Your instructions: All the lines below need retyping exactly, apart from the images.
** Opening Data for this exercise block **
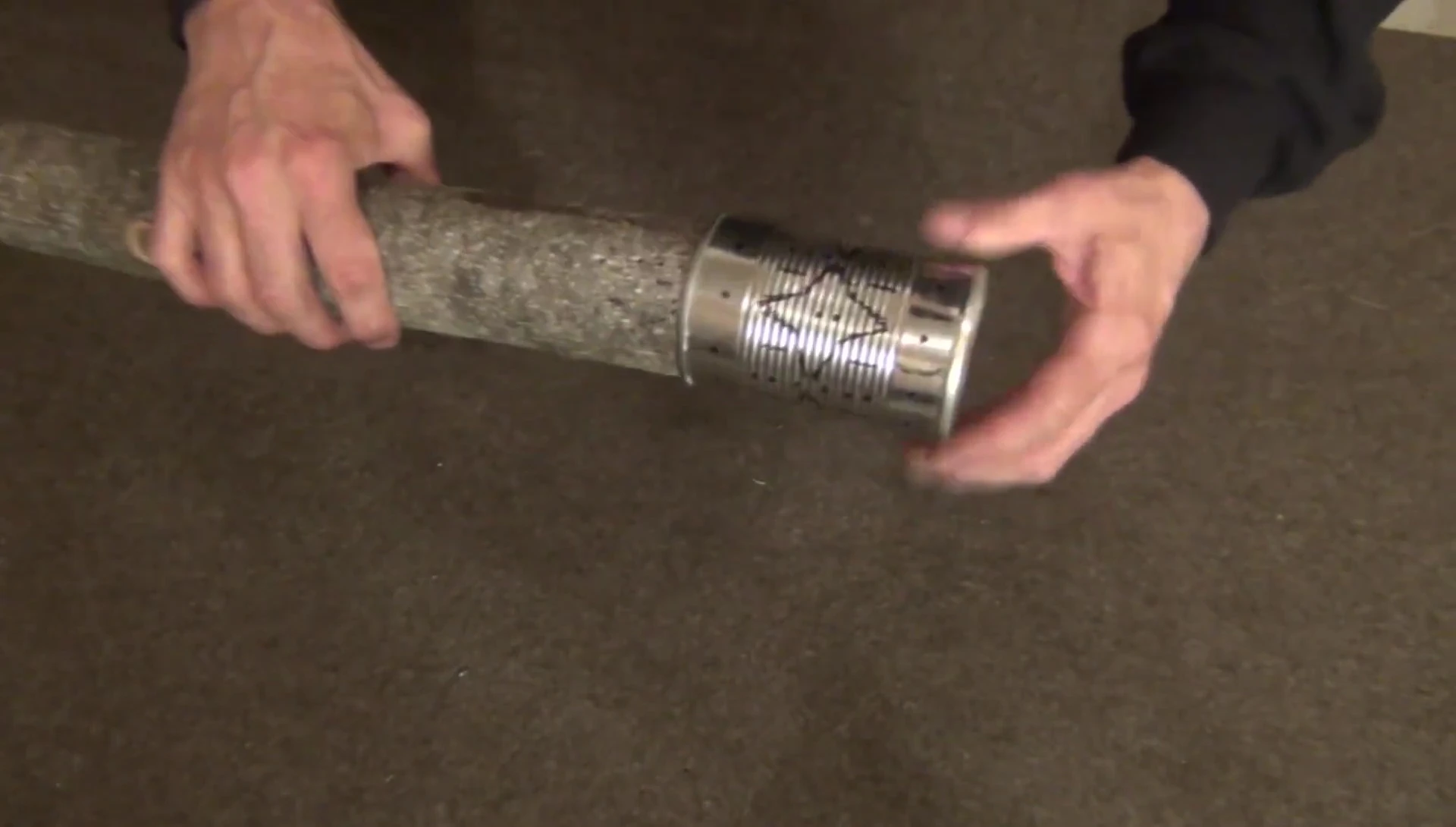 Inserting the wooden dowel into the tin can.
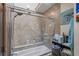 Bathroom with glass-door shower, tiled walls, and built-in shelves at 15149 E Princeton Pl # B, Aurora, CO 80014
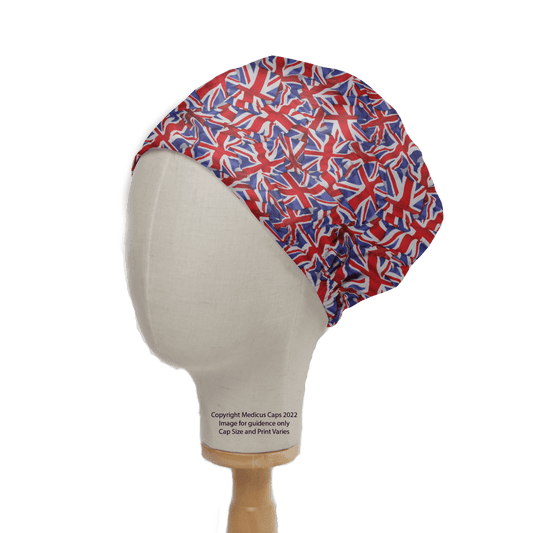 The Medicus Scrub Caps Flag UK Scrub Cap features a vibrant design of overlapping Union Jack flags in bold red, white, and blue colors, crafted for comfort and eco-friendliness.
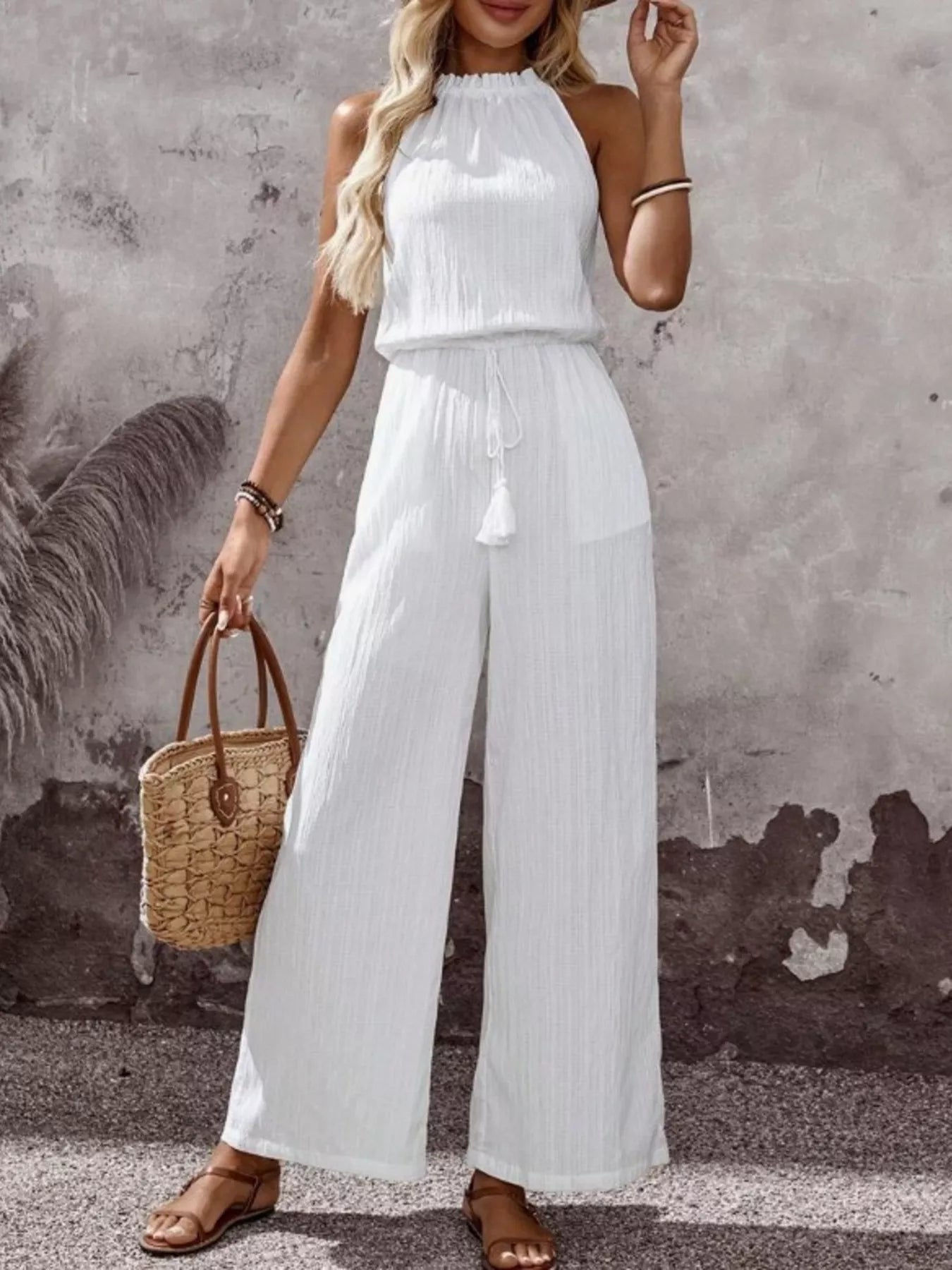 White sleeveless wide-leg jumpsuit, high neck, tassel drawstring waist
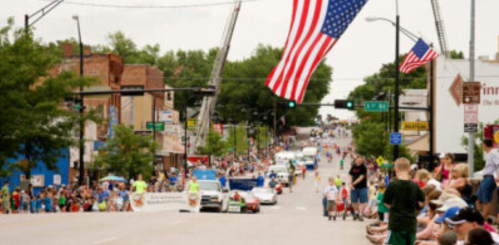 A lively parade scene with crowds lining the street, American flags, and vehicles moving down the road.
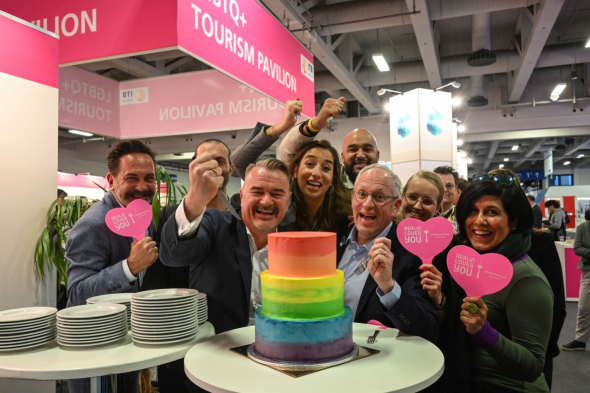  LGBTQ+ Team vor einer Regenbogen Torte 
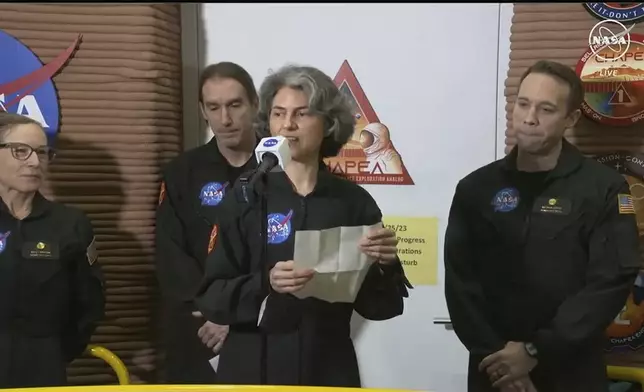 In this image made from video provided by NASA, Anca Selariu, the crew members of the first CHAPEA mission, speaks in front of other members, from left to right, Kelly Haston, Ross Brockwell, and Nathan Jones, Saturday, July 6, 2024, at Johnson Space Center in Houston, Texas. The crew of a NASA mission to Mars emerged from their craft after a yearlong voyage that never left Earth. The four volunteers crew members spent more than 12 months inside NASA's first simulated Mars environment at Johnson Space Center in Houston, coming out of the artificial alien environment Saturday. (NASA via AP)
** Closing Data for this exercise block **
Task result:
 Inserting the wooden dowel into the tin can.
 Bathroom with glass-door shower, tiled walls, and built-in shelves at 15149 E Princeton Pl # B, Aurora, CO 80014
 The Medicus Scrub Caps Flag UK Scrub Cap features a vibrant design of overlapping Union Jack flags in bold red, white, and blue colors, crafted for comfort and eco-friendliness.
 White sleeveless wide-leg jumpsuit, high neck, tassel drawstring waist
 A lively parade scene with crowds lining the street, American flags, and vehicles moving down the road.
  LGBTQ+ Team vor einer Regenbogen Torte 
 In this image made from video provided by NASA, Anca Selariu, the crew members of the first CHAPEA mission, speaks in front of other members, from left to right, Kelly Haston, Ross Brockwell, and Nathan Jones, Saturday, July 6, 2024, at Johnson Space Center in Houston, Texas. The crew of a NASA mission to Mars emerged from their craft after a yearlong voyage that never left Earth. The four volunteers crew members spent more than 12 months inside NASA's first simulated Mars environment at Johnson Space Center in Houston, coming out of the artificial alien environment Saturday. (NASA via AP)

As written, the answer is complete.